Когда же пухлые, тёплые, влажные и нежные юлькины губы коснулись того самого места и стали его ласкать, то на меня снизошло внеземное наслаждение и я ощутил себя погружающимся в мягкую и нежную морскую пену, в которой миллионы незримых микроскопических существ касаются моей кожи своими шелковыми щупальцами, пропуская через меня слабые электрические импульсы. Эти импульсы то собираются в пучок там, где меня ласкает Юлька, то разбегаются вновь по поверхности всего тела. Я лежу, не в силах что-либо сказать, издавая лишь лёгкие звуки в такт девичьим манипуляциям, а она ритмично издаёт еле слышный лёгкий стон.
В наслаждении Юлька таяла с умирающими глазами.
Настал тот миг: «... соединенья и душ, и тела, и крови.»
Пропели третьи петухи. Забрезжил рассвет. Юлька присела, прибрала волосы и сказала , что ей пора собираться на работу. Спустившись с сеновала, мы обмылись за амбаром колодезной водой, настоявшейся с вечера в деревянном бачке. Быстро позавтракали и расстались за калиткой. Юлька стиснула меня в своих объятиях, поцеловала и прошептала : « Ночь была бесподобной.

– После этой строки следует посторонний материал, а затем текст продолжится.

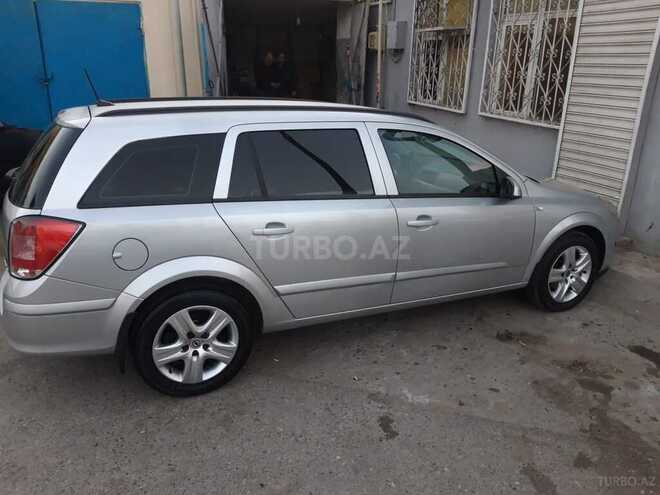 Opel Astra 2008, 318,000 km - 1.3 l - Qazax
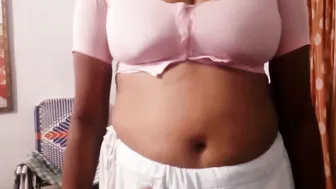 Thick Village Aunty Flashing Her Massive Natural Boobs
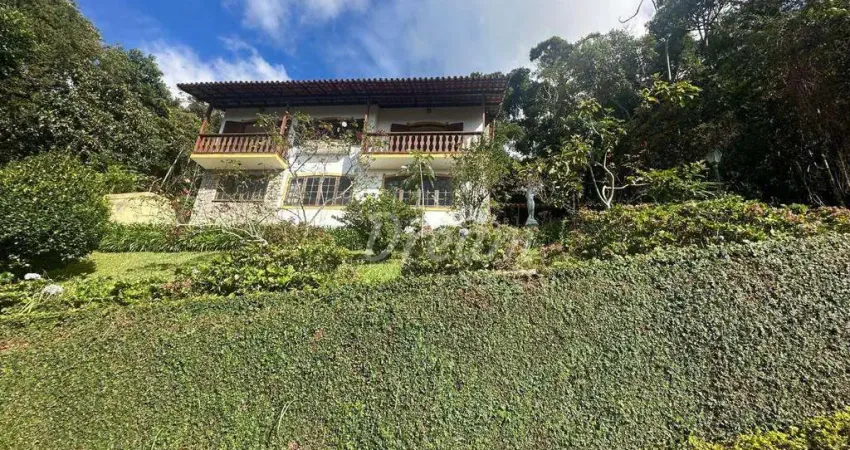 Casa com 3 dormitórios à venda, 172 m² por R$ 1.200.000,00 - Alto - Teresópolis/RJ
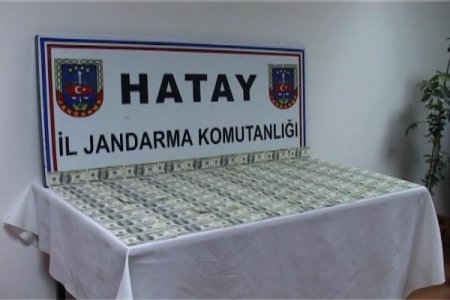 Hatay'da 47 Bin 100 Adet Sahte Dolar Ele Geçirildi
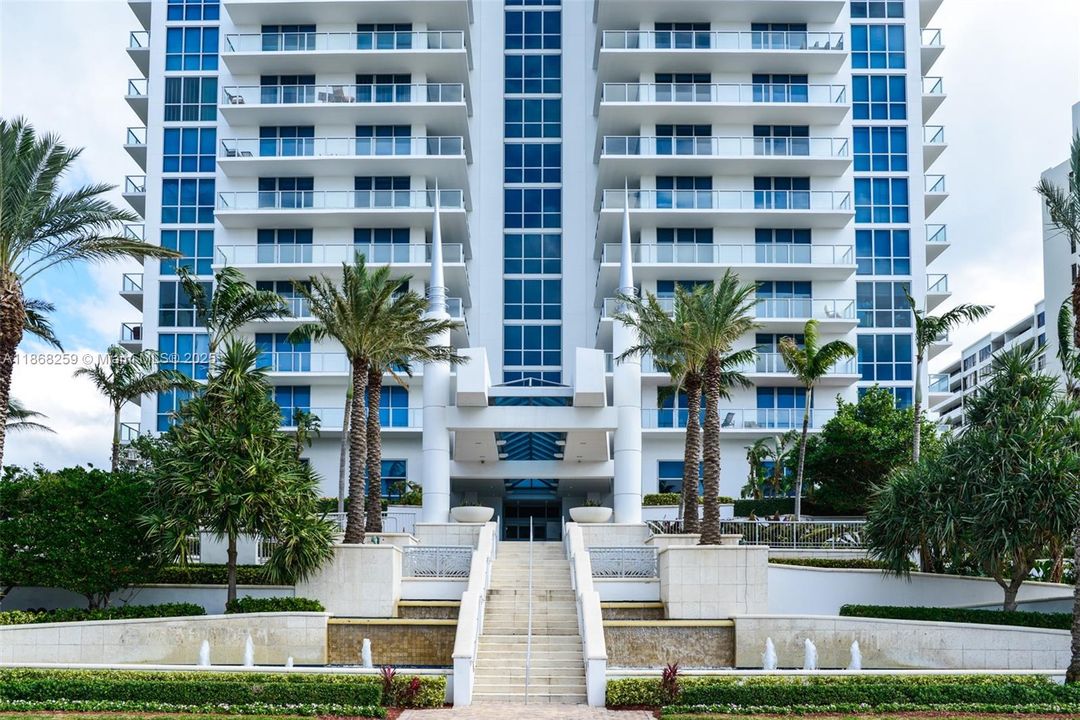 For Sale: $1,139,000 (2 beds, 2 baths, 1733 Square Feet)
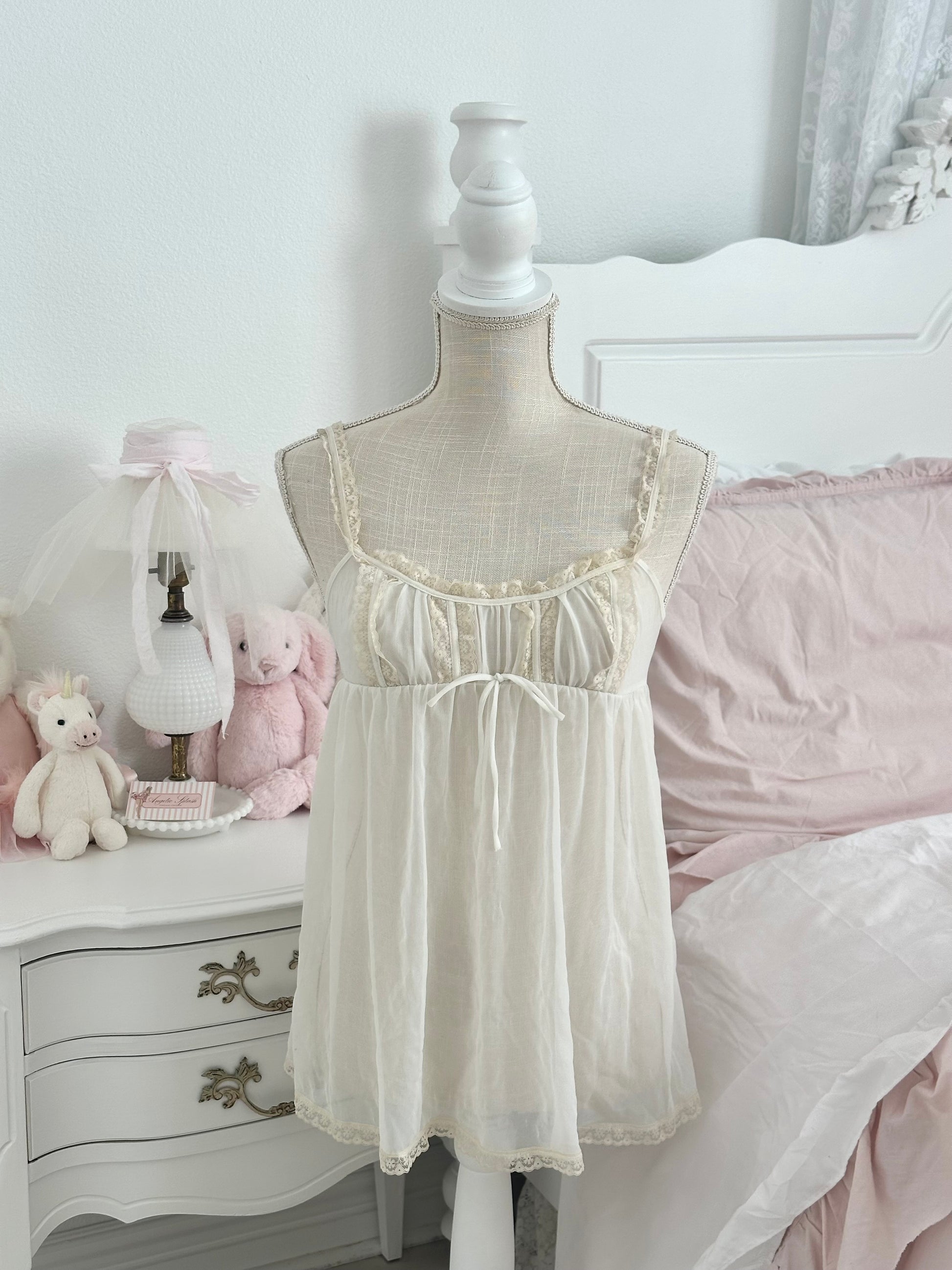 Vintage 2008 Victoria’s Secret White Milkmaid Babydoll Top Size: XS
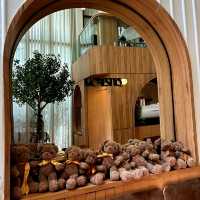 คาเฟ่เปิดใหม่ มีแลนด์มาร์คเดินบันไดวน - Morestto
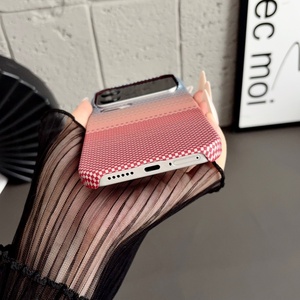เคสโทรศัพท์แม่เหล็กเนื้อคาร์บอนไฟเบอร์ขั้นสูง สำหรับ Xiaomi 17 Pro Max 17 Ultra 15 Pro รองรับการชาร์จไร้สาย ป้องกันแรงกระแทก - Product Image 6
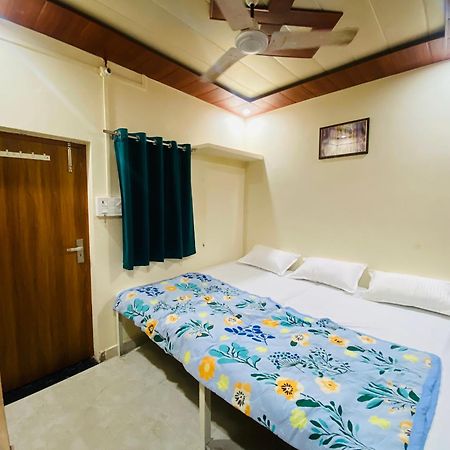 The Raman Palace- A Budget Hotel Матура Екстериор снимка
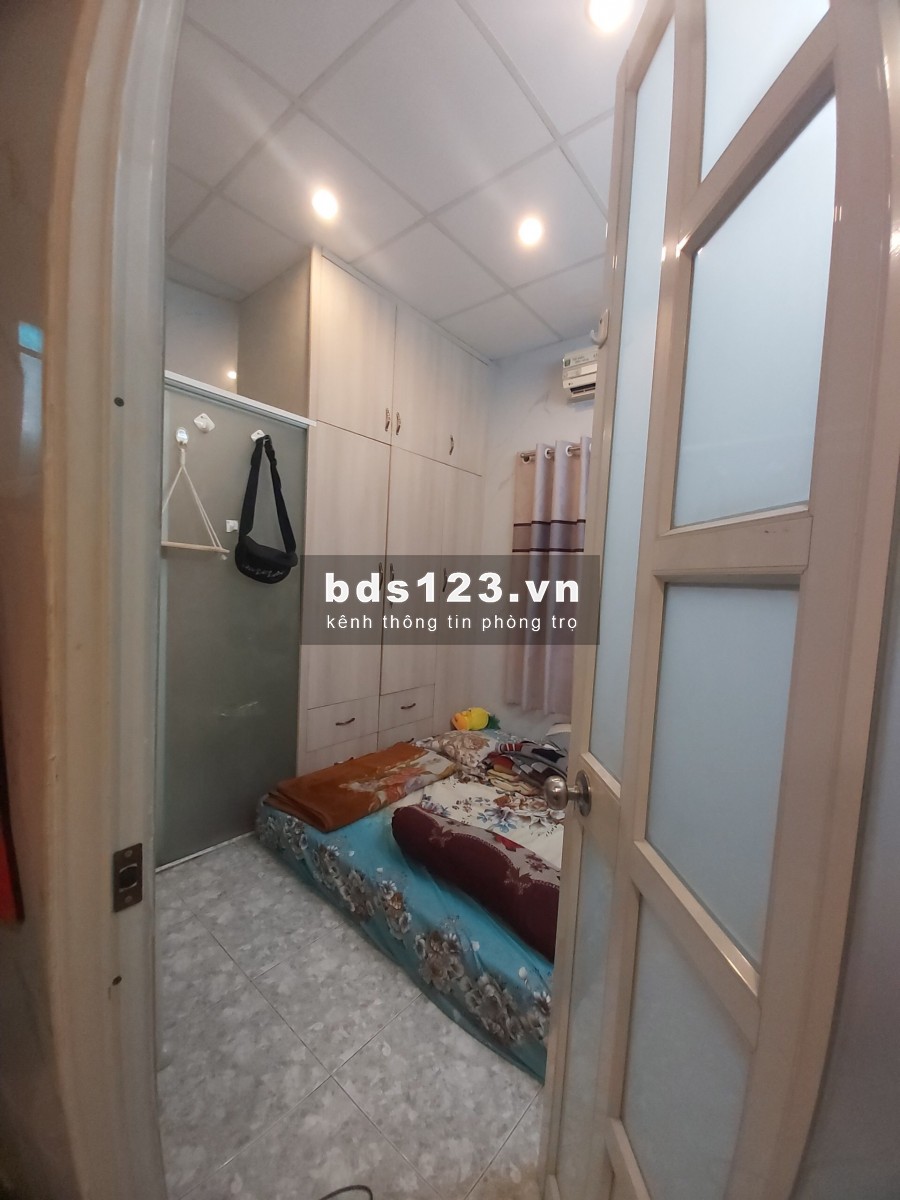 Cho thuê nguyên lầu hoặc phòng trọ, có sẵn nội thất cơ bản, rộng 12m2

Я буду помнить её всю жизнь. Приходи, когда сможешь. Буду ждать и надеяться.» И она, одарив прощальной улыбкой, легко поспешила на ферму, а я как очумелый, ещё не оценивший: что произошло, пошел к реке, сел в лодку и отплыл на фарватер, ощущая необыкновенную лёгкость в теле. Через час уже был в своей палатке на берегу Байтусана.
По окончании съёмок переката мы спустились вниз по течению до Усть-Чёрной и Юльку я больше не видел. Но память о ней осталась в душе на всю жизнь.
На фото автор в день сорокалетия. 1973 г.
Примечания: Ветляный - живой, разговорчивый, приветливый и обходительный человек. Термин распространён в Восточной Сибири, Забайкалье и в Приамурье.